*EXERCISE INSTRUCTIONS*:
Find every line of the listing below where "with" appears, and copy it.

*PROVIDED RECORDS*:
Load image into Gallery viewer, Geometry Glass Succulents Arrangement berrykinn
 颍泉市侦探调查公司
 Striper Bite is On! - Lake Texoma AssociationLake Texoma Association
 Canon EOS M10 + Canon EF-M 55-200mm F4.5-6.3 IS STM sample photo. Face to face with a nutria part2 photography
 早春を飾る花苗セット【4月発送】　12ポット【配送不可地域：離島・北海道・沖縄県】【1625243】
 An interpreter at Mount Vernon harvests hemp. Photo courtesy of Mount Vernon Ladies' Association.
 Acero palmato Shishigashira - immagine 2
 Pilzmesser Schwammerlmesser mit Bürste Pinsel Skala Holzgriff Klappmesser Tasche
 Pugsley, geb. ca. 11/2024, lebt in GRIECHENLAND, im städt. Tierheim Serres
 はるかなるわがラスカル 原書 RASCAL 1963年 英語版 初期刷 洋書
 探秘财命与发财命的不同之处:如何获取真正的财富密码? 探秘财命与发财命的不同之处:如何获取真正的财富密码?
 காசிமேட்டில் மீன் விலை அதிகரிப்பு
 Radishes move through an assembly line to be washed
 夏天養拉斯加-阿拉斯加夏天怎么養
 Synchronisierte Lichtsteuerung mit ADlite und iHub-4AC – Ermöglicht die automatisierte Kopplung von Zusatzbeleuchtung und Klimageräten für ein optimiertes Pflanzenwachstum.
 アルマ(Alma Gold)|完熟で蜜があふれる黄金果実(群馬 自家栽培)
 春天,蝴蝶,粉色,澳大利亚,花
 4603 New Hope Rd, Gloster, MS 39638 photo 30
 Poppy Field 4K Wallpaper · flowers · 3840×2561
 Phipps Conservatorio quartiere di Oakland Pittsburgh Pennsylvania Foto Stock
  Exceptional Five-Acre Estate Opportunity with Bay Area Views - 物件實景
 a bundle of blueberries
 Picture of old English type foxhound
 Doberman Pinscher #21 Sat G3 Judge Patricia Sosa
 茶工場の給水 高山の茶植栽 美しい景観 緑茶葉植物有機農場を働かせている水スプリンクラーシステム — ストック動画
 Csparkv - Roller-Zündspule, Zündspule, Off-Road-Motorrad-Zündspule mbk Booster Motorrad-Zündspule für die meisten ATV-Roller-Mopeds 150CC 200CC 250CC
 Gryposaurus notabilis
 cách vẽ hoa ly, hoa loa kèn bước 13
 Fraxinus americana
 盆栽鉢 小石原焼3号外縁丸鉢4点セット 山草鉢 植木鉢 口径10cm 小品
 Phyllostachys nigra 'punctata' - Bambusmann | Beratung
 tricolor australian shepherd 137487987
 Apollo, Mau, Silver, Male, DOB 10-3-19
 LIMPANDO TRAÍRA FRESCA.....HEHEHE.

*REPLY TO THE TASK*:
 Canon EOS M10 + Canon EF-M 55-200mm F4.5-6.3 IS STM sample photo. Face to face with a nutria part2 photography
  Exceptional Five-Acre Estate Opportunity with Bay Area Views - 物件實景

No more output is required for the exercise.